A 21st century learning environment is a learning program, strategy, and specific content. All are learner-centered and supported by or include the use of modern digital technologies. Many incorporate key components of active learning.

Blended learning is a learning program in which a student learns at least in part through delivery of content and instruction via digital and online media with greater student control over time, place, path, or pace than with traditional learning.

Personalized learning is an educational strategy that offers pedagogy, curriculum, and learning environments to meet the individual students' needs, learning preferences, and specific interests. It also encompasses differentiated instruction that supports student progress based on mastery of specific subjects or skills.

21st century skills are a series of higher-order skills, abilities, and learning dispositions that have been identified as being required content and outcomes for success in 21st century society and workplaces by educators, business leaders, academics, and governmental agencies. These skills include core subjects (The three Rs), 21st century content, collaboration, communication, creativity, critical thinking, information and communication technologies (ICT) literacy, life skills, and 21st century assessments.

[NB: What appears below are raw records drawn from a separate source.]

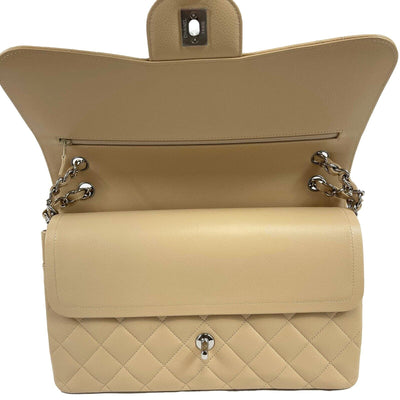 CHANEL - Large Classic Caviar Double Flap Jumbo - Beige Shoulder Bag NEW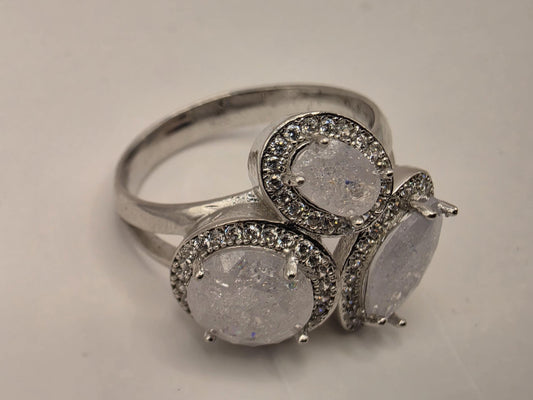 Sterling Silver Raw Crystal Cluster Ring Size 8 - view 1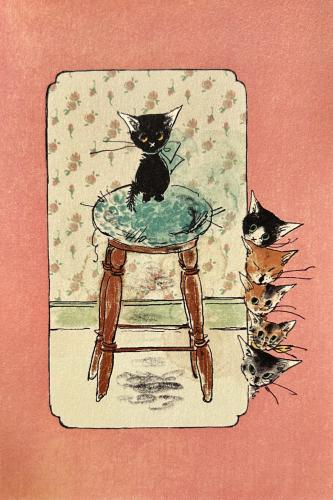 Illustration of a black cat and kittens sitting on a chair.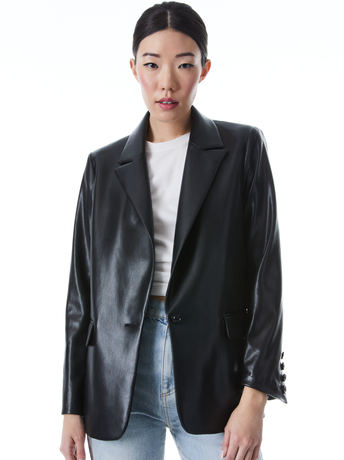 BLACK-DENNY VEGAN LEATHER NOTCH COLLAR BLAZER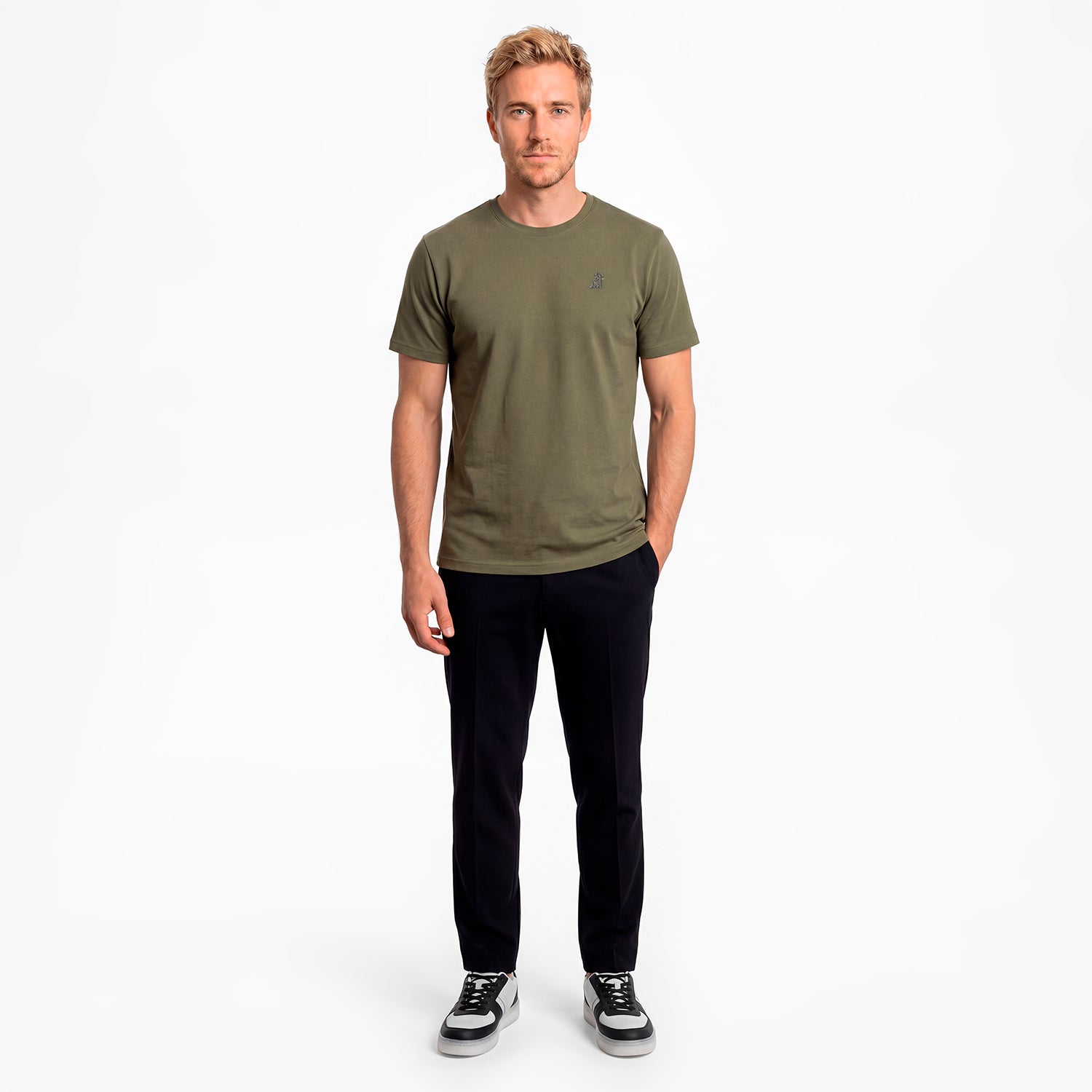 Men's Pique T-Shirt — Burnt Olive/Olive - JAMES BARK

Digital literacy is becoming critical to successful learning. Mobile and personal technology is transforming learning environments and workplaces. It allows learning - including research, collaboration, creating, writing, production, and presentation - to occur almost anywhere. Its tools support creativity of thought - through collaboration, generation, and production without requiring manual dexterity. It fosters personalization of learning spaces by teachers and students, which supports the learning activity directly and indirectly through providing a feeling of ownership and relevancy.

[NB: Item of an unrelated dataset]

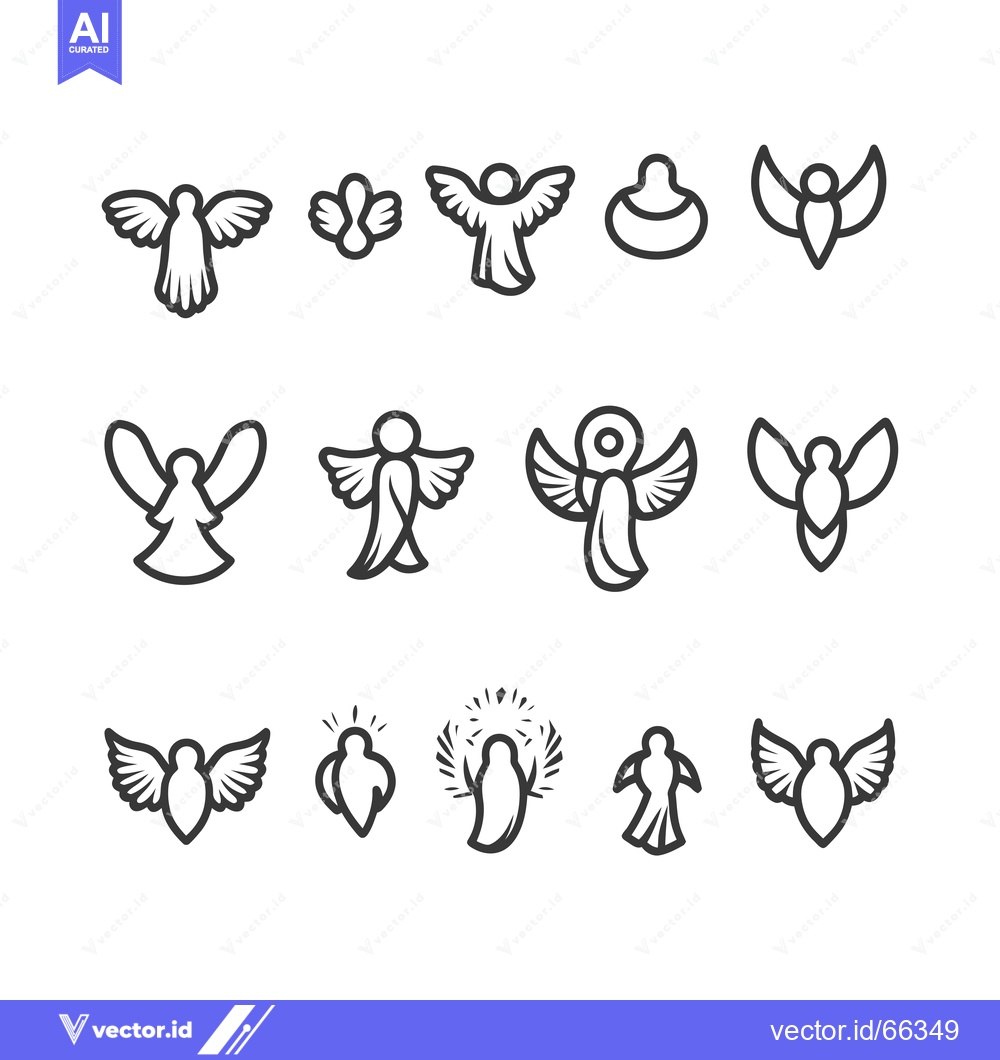 Premium Vector of A Collection of Simple Angel Icon Designs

== Conducive classroom climates ==
A conducive classroom climate is one that is optimal for teaching and learning and where students feel safe and nurtured. Such classroom climate creations include:

- Modelling fairness and justice:

The tone set by the teacher plays an important role in establishing expectations about respectful behaviour in the classroom. A teacher who is calm, fair and transparent about expectations and conduct serves as a model for students. This includes establishing clear and appropriate consequences for breaking classroom and school rules, ensuring that they are just, proportional, and paired with positive reinforcement.

- Positive engagement opportunities for adolescents:

Adolescents bring creativity, enthusiasm and a strong sense of natural justice to their learning and play. Where learners are given meaningful opportunities to provide creative and constructive input into lesson planning and school governance processes, expected benefits include: increased engagement; the development of skills in planning, problem-solving, group work, and communication; and a sense of pride in school activities and their own learning experience. In addition, finding the right choice structure for student engagement ensures these benefits. Overly complex choices can result in negative or no outcome in learning.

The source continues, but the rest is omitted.